Müslümanların Haricilere karşı duruşu İslam tarihi ve Şeriatla belgelenmiştir. Hariciler, İslam’ın gerçek öğretilerinden uzaklaşan ve aşırılığı yayan bir gruptur.
İslami öğretiler, Haricileri şiddet ve aşırıya kaçmakla suçlar ve eylemlerini İslami değerlere aykırı görür.
Haricilerin İslam’ın gerçek öğretilerini benimsemeleri çok düşük bir ihtimaldir çünkü temel inançları ve düşünce süreçleri temel İslami rehberlikten önemli ölçüde farklıdır.
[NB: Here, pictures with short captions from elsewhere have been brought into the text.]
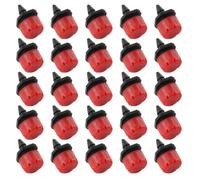 Housoutil Goutteur D'irrigation Réglable Arrosage Uniforme 100 Pièces Micro-pulvérisation 8 Trous Rouge PP 0-140l/h pour Potager et Pelouse en Serrage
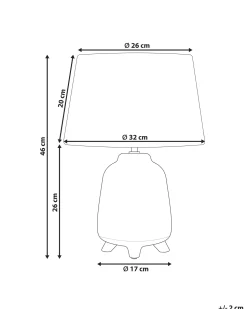 Beliani Poytavalaisin Keraaminen Harmaa Fajardo New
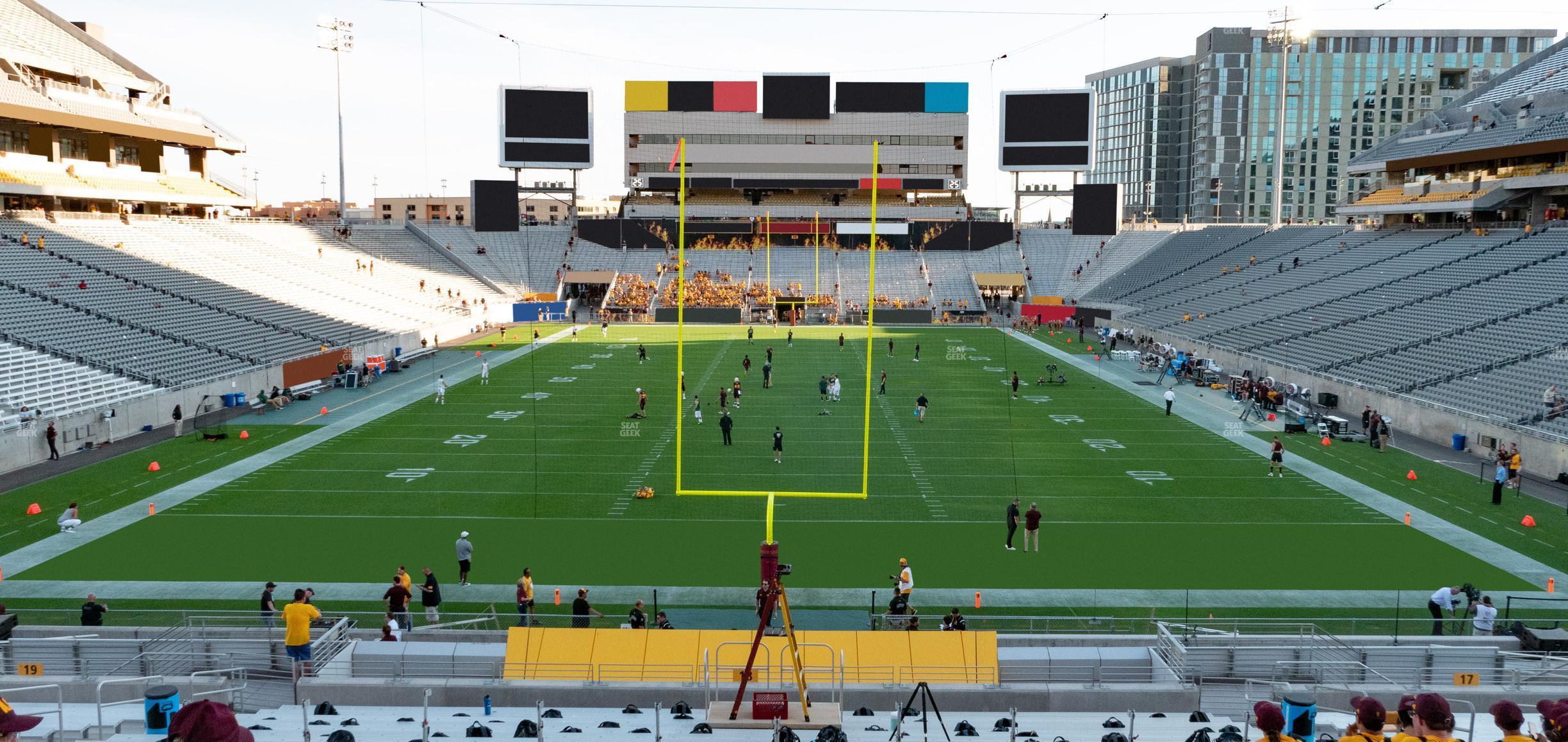 Seating view for Mountain America Stadium Section 18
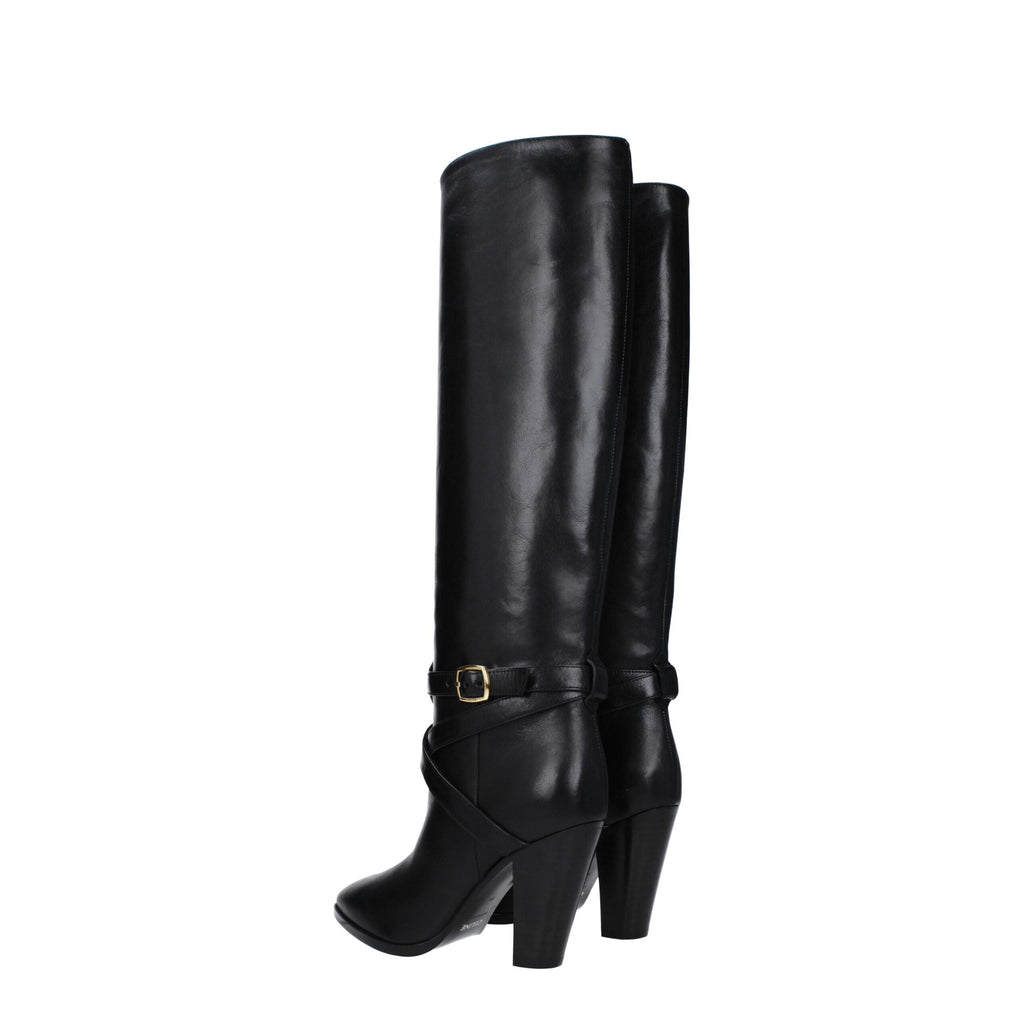 Celine Schwarze Lederstiefel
Aşırı, katı ve militan görüşlere sahiplerdir, eylemlerinde haksız ve aşırı şiddeti tercih ederler ve bu da suçlukarın değil, masum hayatların kaybına yol açar.
İslam tarihi boyunca Müslümanlar, Haricilere İslam’ın doğru yorumlarını sunmaya çalışmışlar; ancak haricilerin çoğu bu öğretileri reddetmiştir.
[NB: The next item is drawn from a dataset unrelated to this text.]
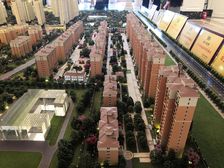 别墅边户,毛坯房随意装修,南北院子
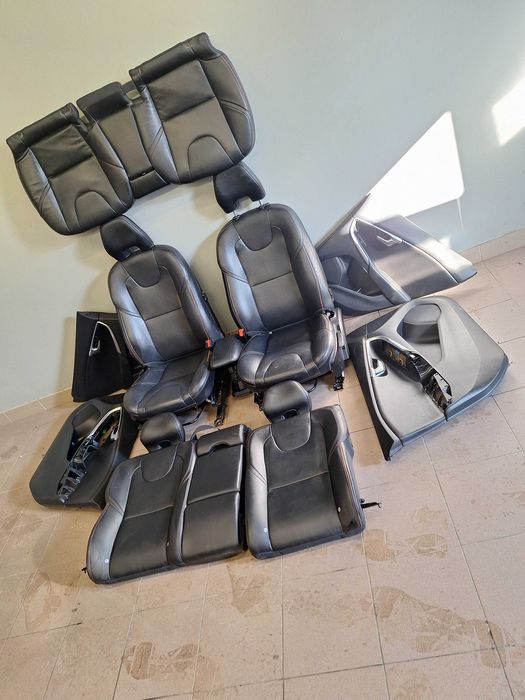 Fotel Fotele Skóra Boczki Komplet VolVo V40 II V40 2012-19r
Haricilerin batıl ideolojisi benliklerinde o kadar kökleşmiştir ki kendilerini diğer Müslümanlardan üstün görürler ve sadece kendilerinin doğru yolda olduğuna inanırlar. Kendileriyle aynı fikirde olmayan herkesi de gayrimüslim olarak görürler.
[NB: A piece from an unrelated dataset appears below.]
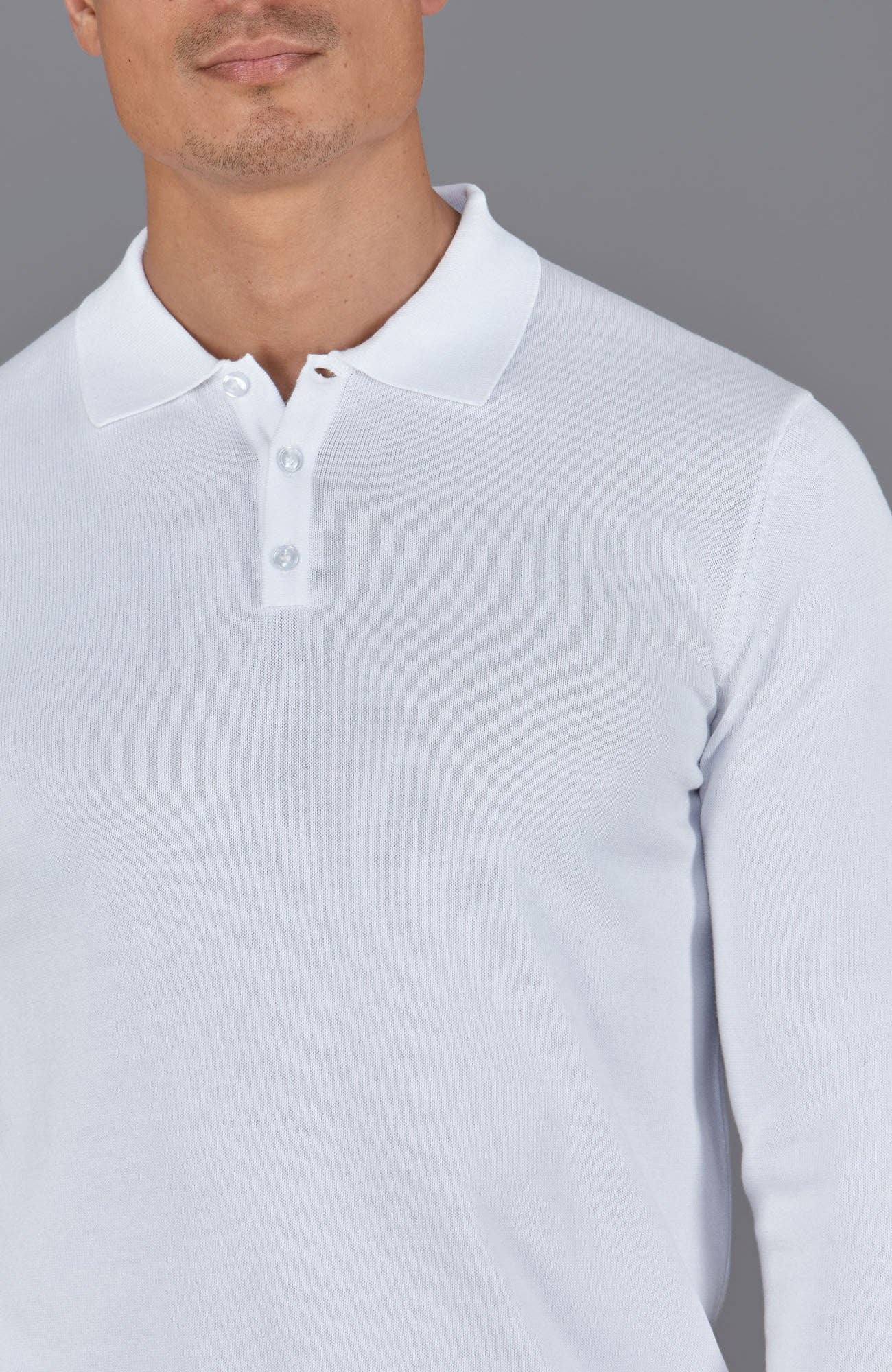 Paul James Knitwear – wholesale Polo – Men’s – Mens Lightweight Cotton Long Sleeve Knitted Polo Shirt29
Onların bu tutumlarına bir karşılık olarak her Müslüman Şeriat dairesi içinde aşağıdaki adımlara uymakla yükümlüdür:
1. Hak Yolunun Savunucusu Olmak:
Müslümanlar, Haricileri İslam’ın gerçek öğretilerine nezaket ve hikmetle davet etmekle yükümlüdürler. Allâh diler de hidayet bulurlarsa bu en iyi çözüm olacaktır.
2. Onların Şiddetini Önlemeye Çalışmak:
Haricilerin aşırılığına rağmen, İslam haksız saldırganlığı yasaklamaktadır. Bu nedenle, ilk yaklaşım onları barışçıl yöntemlerle gerçeğe yönlendirmek olmalıdır.
3. Son Çare Olarak Zor Kullanmak:
Haricîler şiddete başvurur ve güvenliğe tehdit oluşturursa -tıpkı bugün Afganistan’da ve diğer bölgelerde olduğu gibi- onlara karşı zor kullanarak karşılık verilmelidir. Çünkü bu gibi durumlarda Müslümanların ve İslami sistemin güvenliğini, istikrarını ve birliğini bu fitneden koruma sorumluluğu doğar.
Ali (Allâh ondan razı olsun) dönemi bu konuda bir örnek teşkil eder. Haricîler fitne çıkardığında ve çatışma başlattığında, Ali (Allâh ondan razı olsun) onlara karşı savaşmıştır.
Haricîlerin aşırı ideolojileri, İslami ahlak ve dengeli akıl yürütme yerine hoşgörüsüzlüğü, düşmanlığı ve haddi aşmayı teşvik eder. Bu ideoloji toplum içinde yayılırsa, bireyler dinin gerçek özünden sapabilir ve aşırılığa yönelebilirler. Dolayısıyla Hariciler kontrol edilmediği takdirde Müslüman Ümmetin dini, toplumsal ve entelektüel yapısı önemli zararlar görebilir. Sonuç olarak İslam tarihi boyunca, Ümmetin birliğini, güvenliğini ve ilerlemesini korumak için Haricilere karşı ciddi önlemler alınmıştır ve alınmaya da devam edilmelidir.